Altaians revere Belukha and consider it sacred mountain. Altai names (peak of Katun), Ak-Suru (majestic), Musdutuu (ice mountain. Belukha is not an easy mountain, it is an antenna that receives information from Space, transforms it, and distributes it to the whole Earth. People are prepared, harmonious, in connection with nature, can “communicate” with Belukha and “read" from her the information that she carries. Belukha has a harmonizing effect on a person, increasing his sensitivity and love for nature.

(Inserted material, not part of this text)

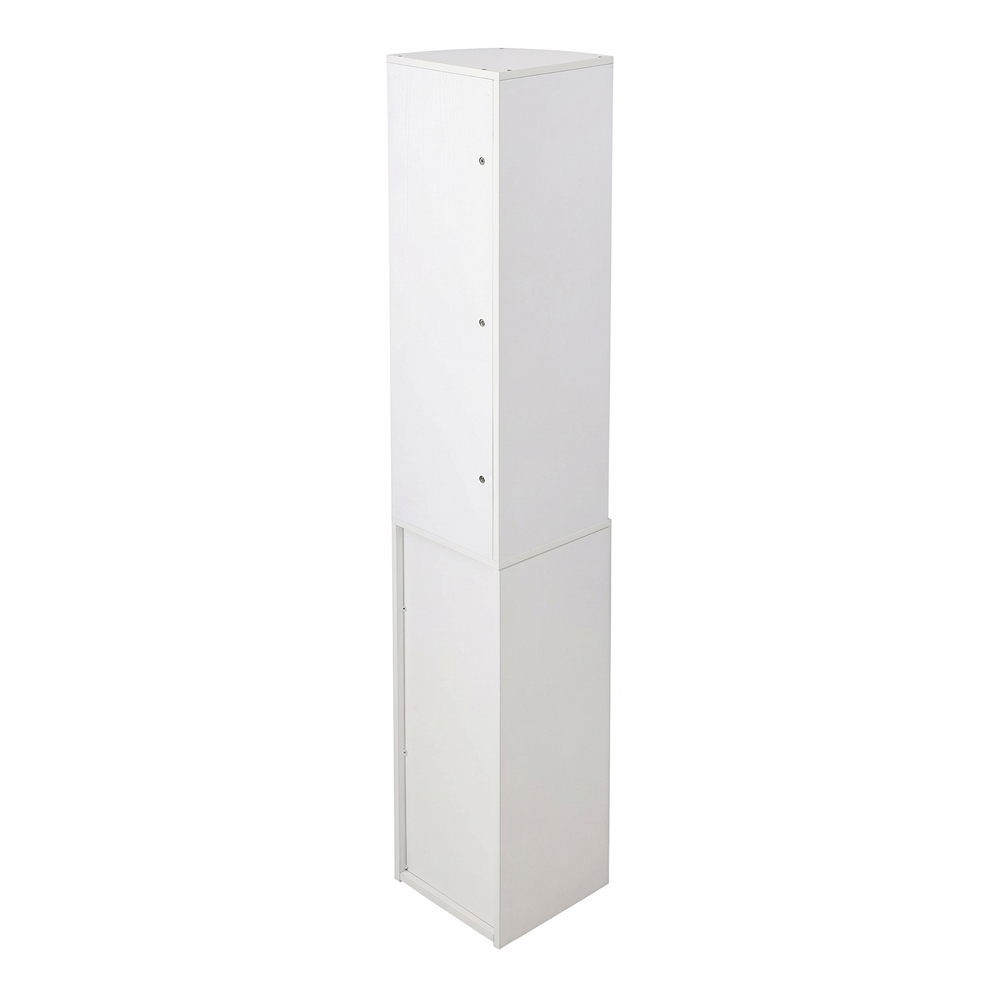 Living and Home Single Door Single Drawer White Corner Cabinet Image 6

The famous mystical artist, artist-traveler Nikolai Konstantinovich Roerich, who visited Belukha in 1926 during his Central Asian expedition, also noted the unusualness of the space around Belukha. He wrote: “We saw Belukha. It was so clean and loud. Straight to Zvenigorod.” The artist felt that there was an energy bridge between Belukha and Everest, like two space antennas. “Altai - the Himalayas, two poles, two magnets” - this is what he wrote in his diaries. Roerich did a large number of sketches in the Belukha area. And after visiting Belukha on the southern side, he painted the painting “Belukha”. In 1942, Nikolai Konstantinovich painted the painting “Victory”. In the foreground is a warrior in ancient Russian armor who slayed a dragon. On the second are the shining peaks of Belukha. In honor of N.K. Roerich and his family members are named

The first records about Belukha appeared more than 200 years ago, when the Russian scientist and traveler P.I. Shangin, in his expedition to Altai, having visited the Uimon Valley, recorded stories about Belukha hunters and miners.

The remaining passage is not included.